Kill switch — the daemon can halt before the next step; the tool refuses to run and logs a guard event.

Fuze does notunderstand CrewAI's delegation graph, agent hierarchy, or task structure. It does not provide per-agent or per-task or per-crew budgets — only per-run, where a "run" means "one continuous instrumented invocation chain." It does not track cost in dollars, by design (see the budget docs).

If your auditor needs to see "agent A delegated to agent B who called tool X," that information has to come from CrewAI's own logs, not from FuzeToolMixin.
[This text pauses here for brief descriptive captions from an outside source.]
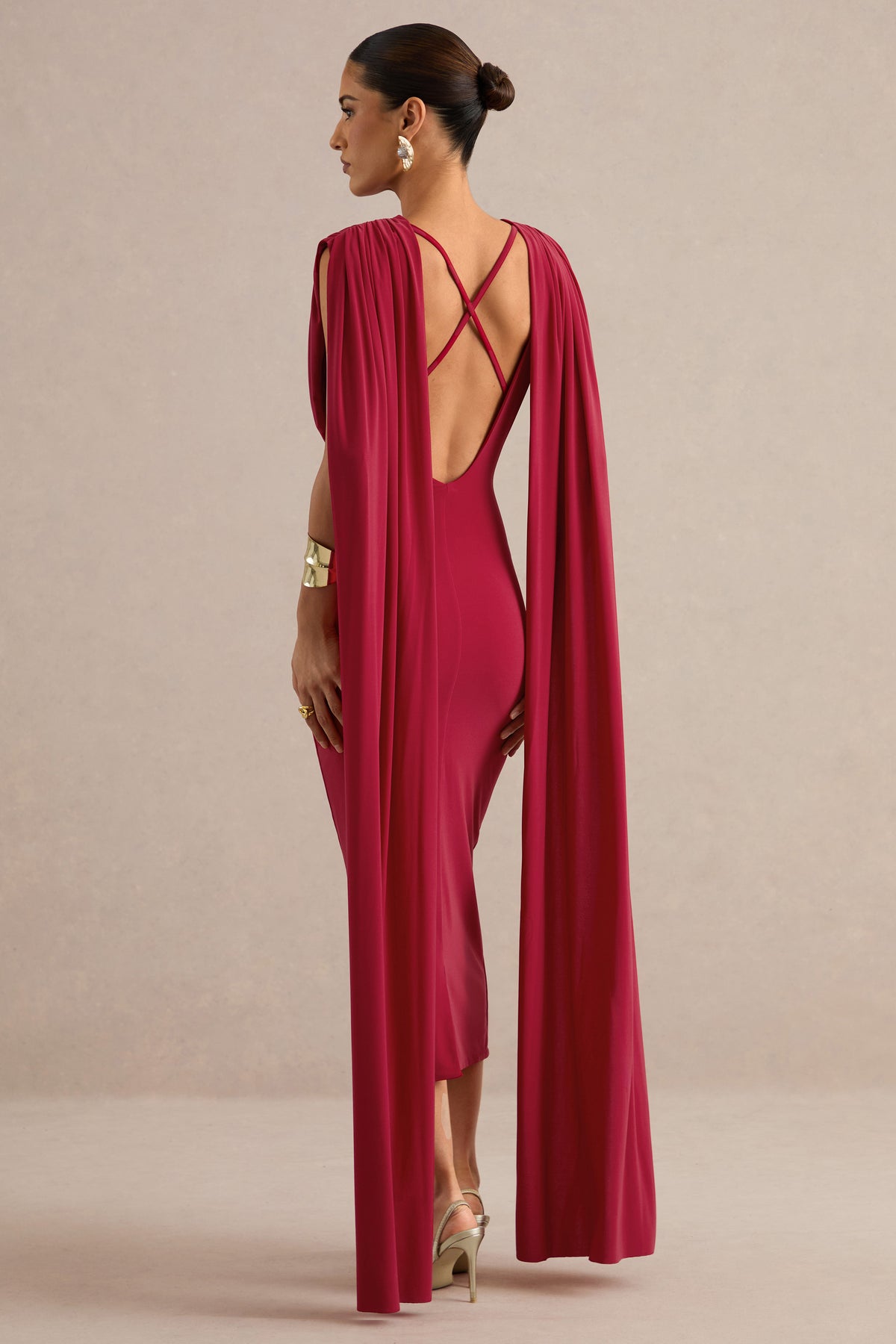 ECM_HR_CL138797100 - Hanneli | Red Wide-Neck Midi Dress With Cape Sleeves6.jpg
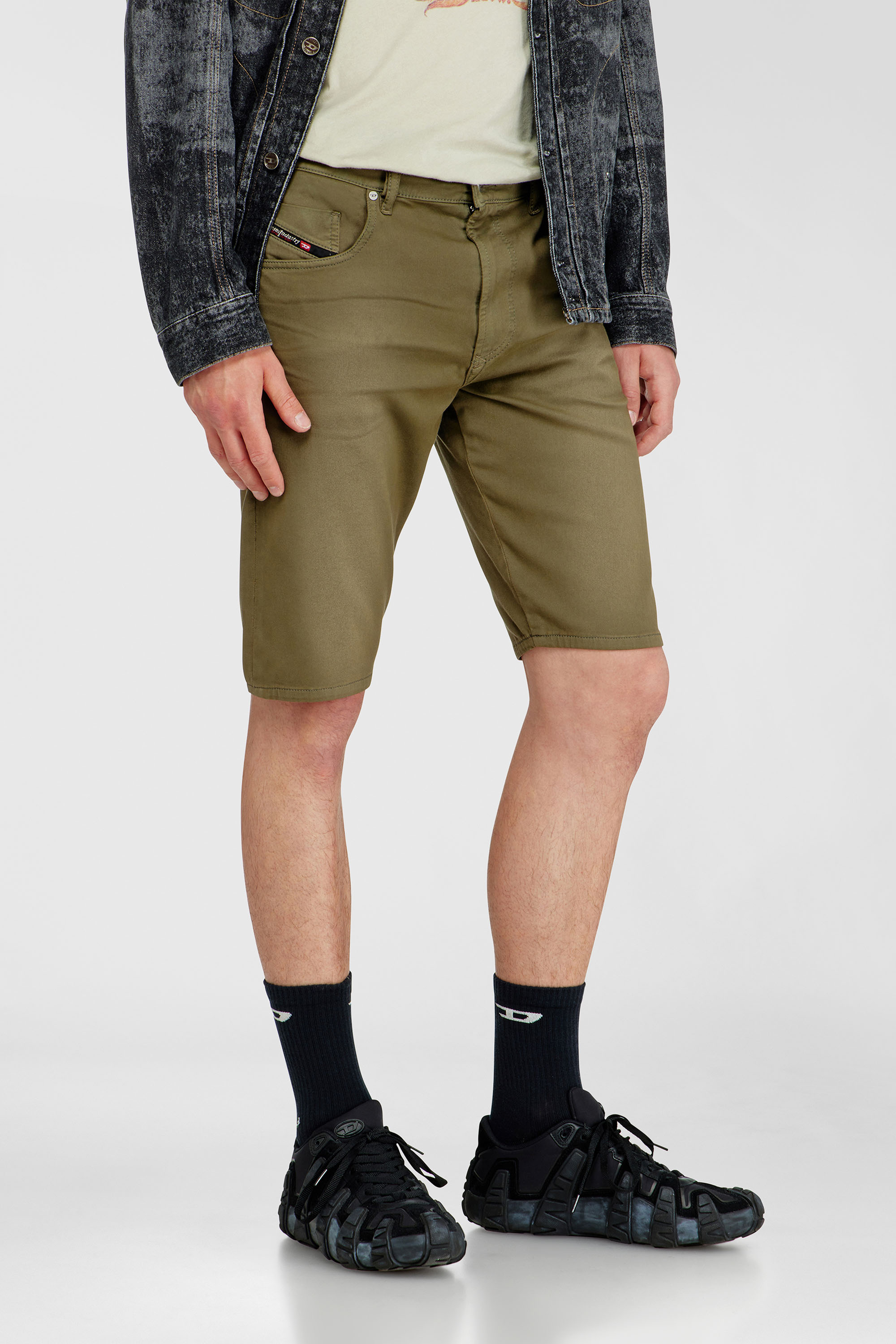 Diesel - 2033 D-KROOLEY-SHORT-BW JOGG, Slim shorts en denim de color Hombre in Verde - 5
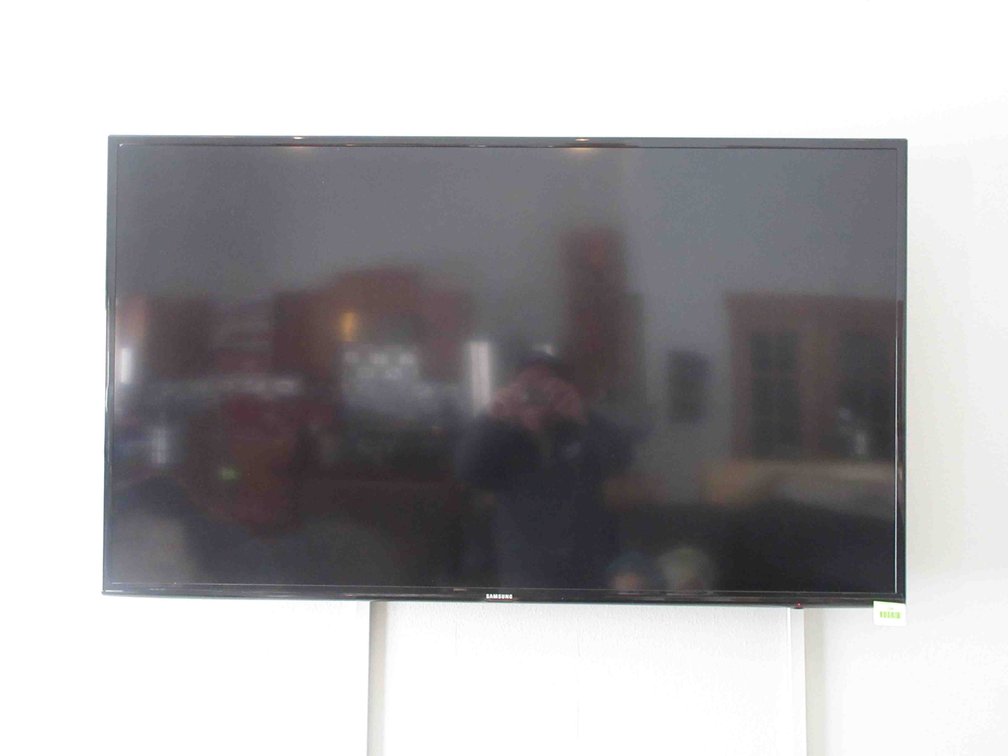Samsung 55" flat screen TV with remote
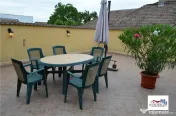 Casa si Spatiu Comercial de Zona Semicentrala 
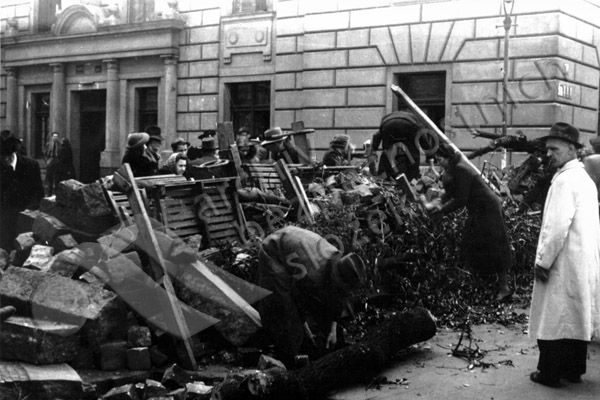 Další z barikád je připravena na německý útok | Foto: Archiv bezpečnostních složek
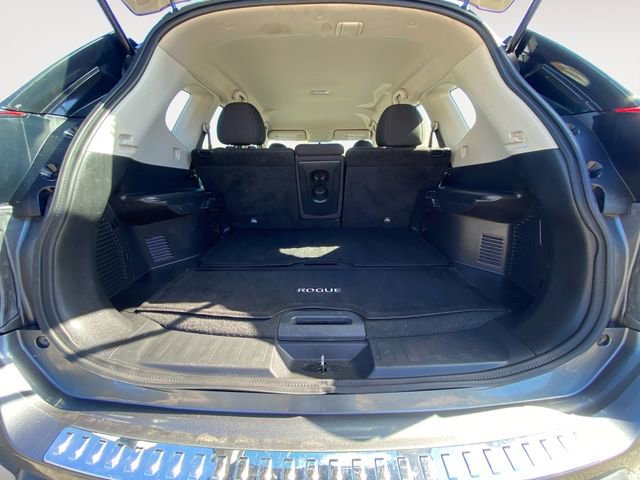 Used 2018 Nissan Rogue S image 29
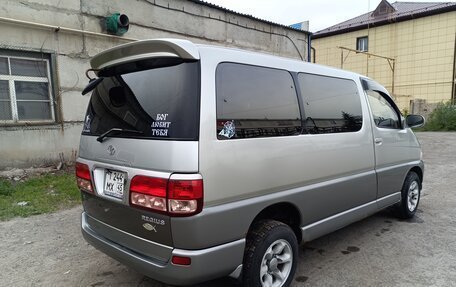 Toyota Regius, 1998 год, 830 000 рублей, 3 фотография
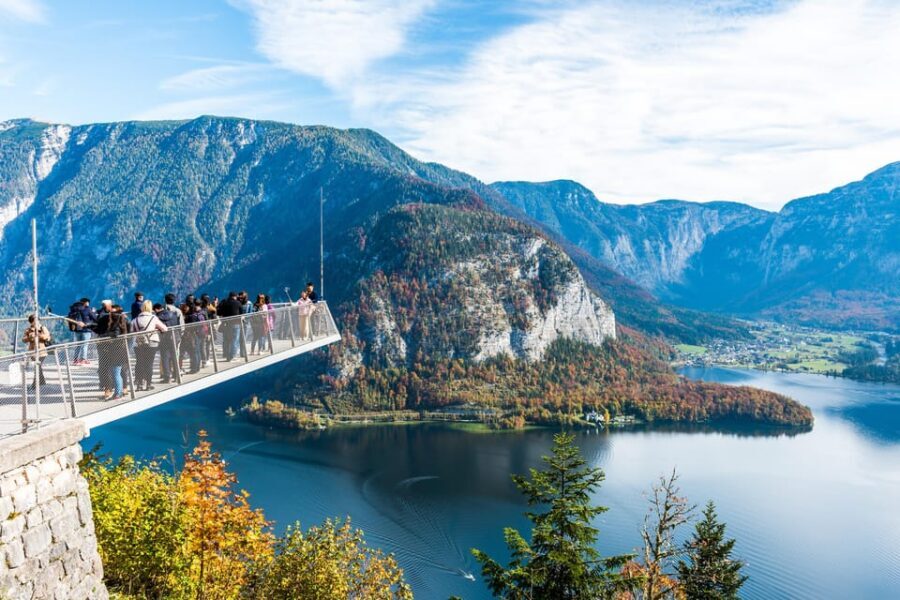 Private tour from Vienna to Hallstatt, Skywalk & Salt Mine - Vienna to Hallstatt: use the ride for orientation, not just sitting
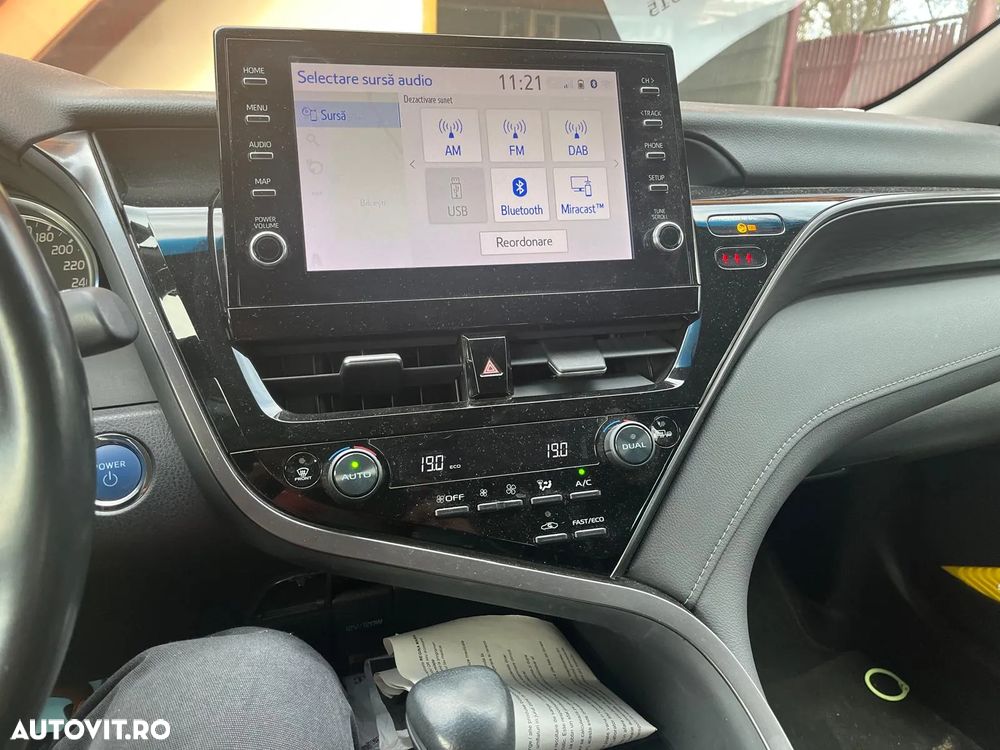 Toyota Camry 2.5 Hybrid Dynamic - 9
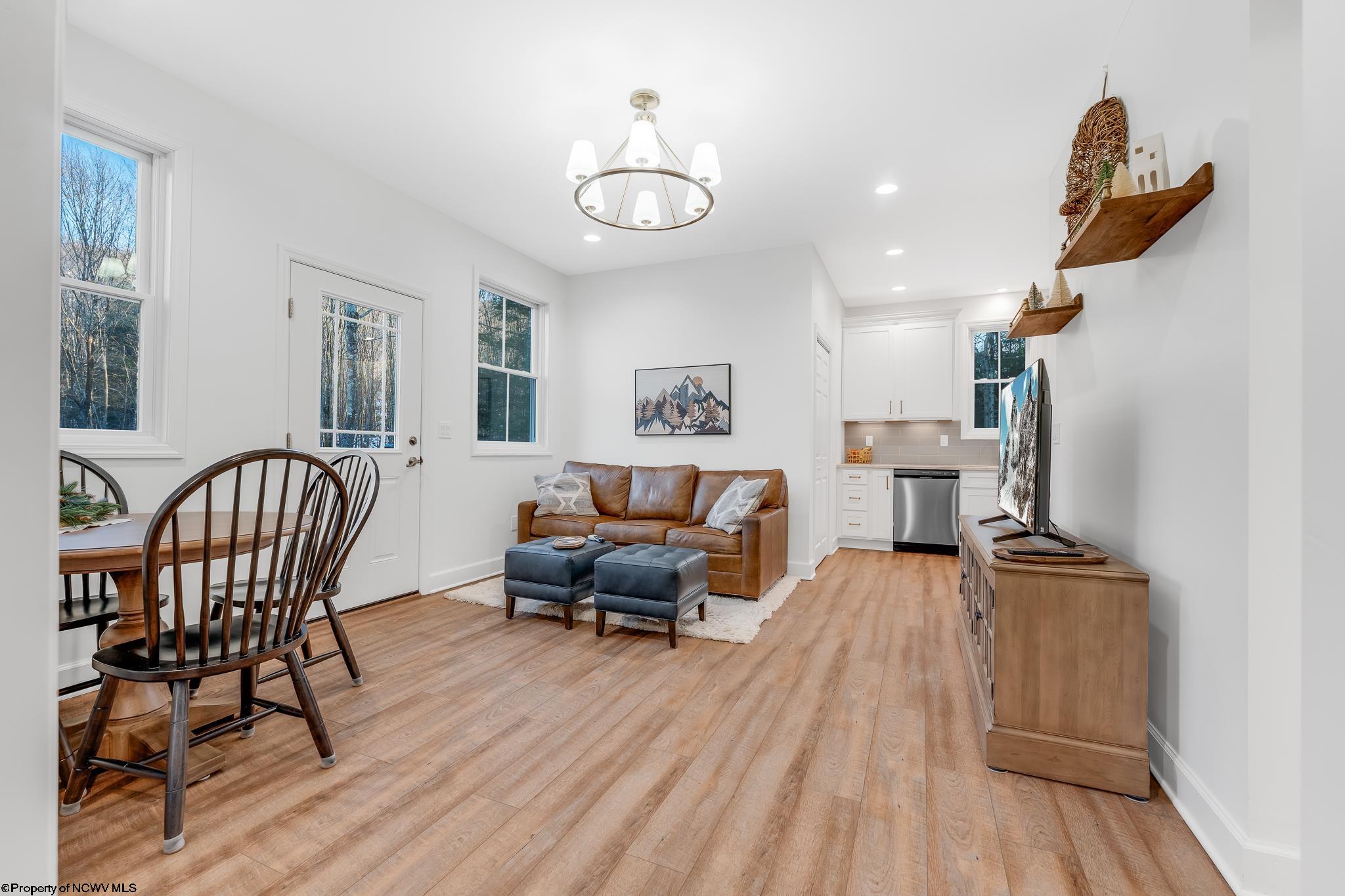 Parsons, West Virginia 26287, United States, 2 Bedrooms Bedrooms, ,2 BathroomsBathrooms,Residential,Active,247932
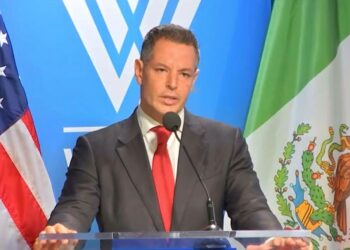 Presenta Alejandro Murat estrategias para la disminución de la pobreza en el Wilson Center de Washignton DC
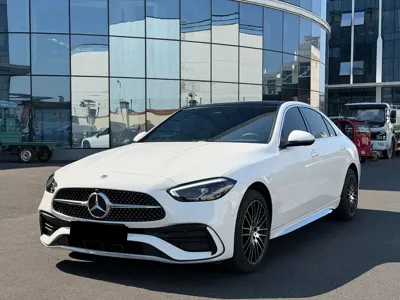 Mercedes-Benz C-Class 2024, 14000 км, за 196000 CNY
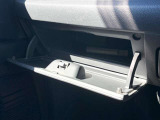 ■グローブボックス■保険証券や車検証などの車の必需品を収納できます!また、サングラスやCD、DVDなどの便利な小物も収納可能です♪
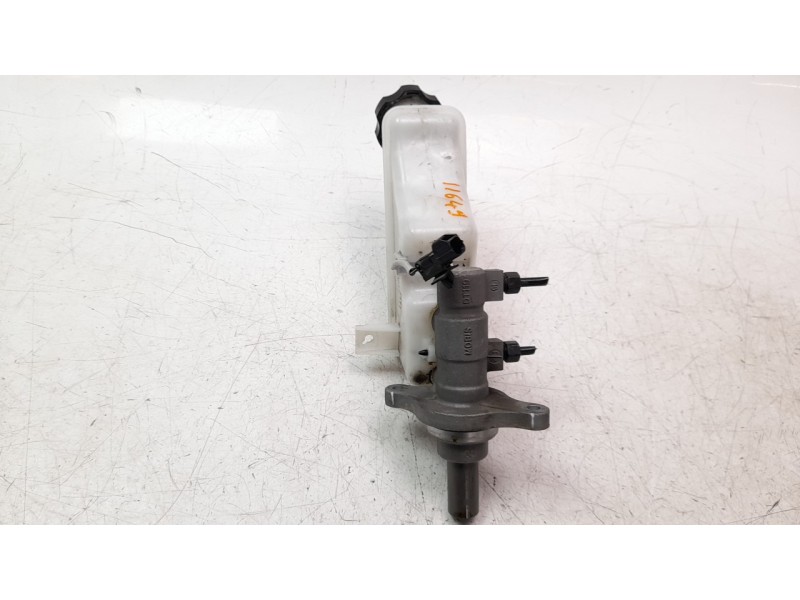 Recambio de bomba freno para hyundai tucson 1.6 crdi cat referencia OEM IAM 58510D7100  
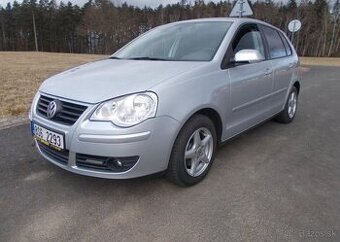 Volkswagen Polo 1,2 60 000KM tažné, benzín manuál 40 kw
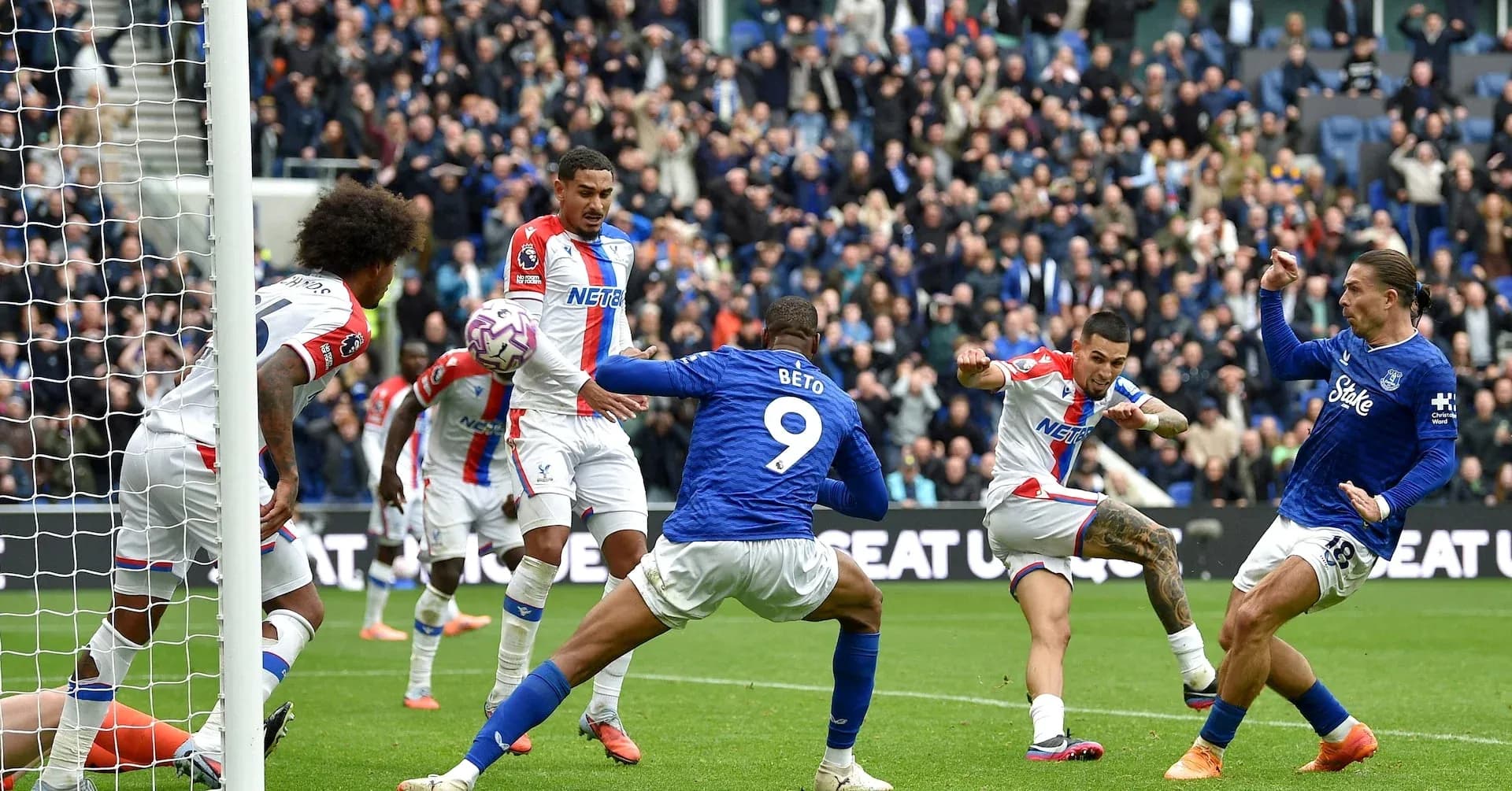 Action de jeu entre Crystal Palace et Everton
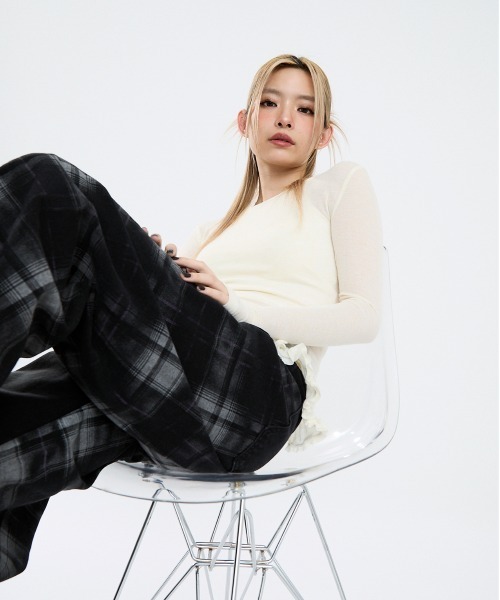 Clum(クルム)の「裾フリルシアーカットソー(Tシャツ/カットソー・レディース・キナリ/グレー/ブラウン・SMALL/MEDIUM)」の10枚目の写真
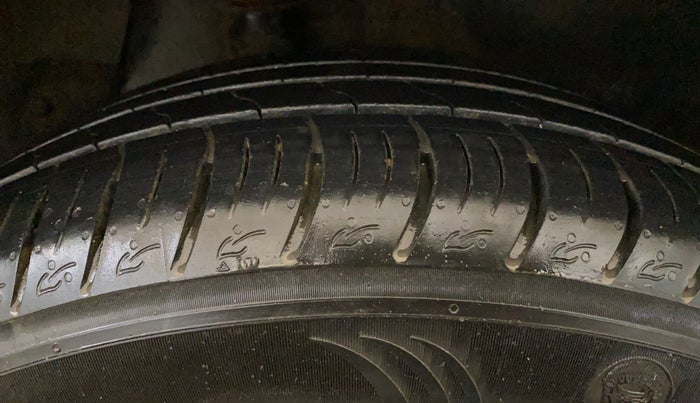 2017 Hyundai Creta SX PLUS AT 1.6 PETROL, Petrol, Automatic, 69,581 km, Right Rear Tyre Tread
Common high-risk CrewAI use cases

Use the risk classifier for a real determination — these are heuristics:

Recruitment crews — Annex III category 4 (employment), almost always high-risk.
Underwriting / credit-screening crews — Annex III category 5 (essential services), high-risk.
Content moderation crews — limited risk if user-facing; transparency obligations under Art. 50.
Research / market-analysis crews — usually minimal risk.

Mapping to AI Act articles

Article 12 (record-keeping): the JSONL hash-chained log per tool call.
Article 14 (human oversight): side_effect + _compensate give a defensible kill-and-rollback path. Human approval before a high-impact tool runs is your responsibility — wrap the tool call in your own approval check.
Article 15 (robustness): per-run resource limits and 3-layer loop detection.

When to consider Fuze Agent instead

If you're starting fresh and want compliance baked into the runtime — typed tools with explicit data classification, Ed25519-signed run-roots, replay-protected HITL approvals — see Fuze Agent. Fuze Agent is TypeScript only; if your team needs Python, stay on CrewAI + FuzeToolMixin.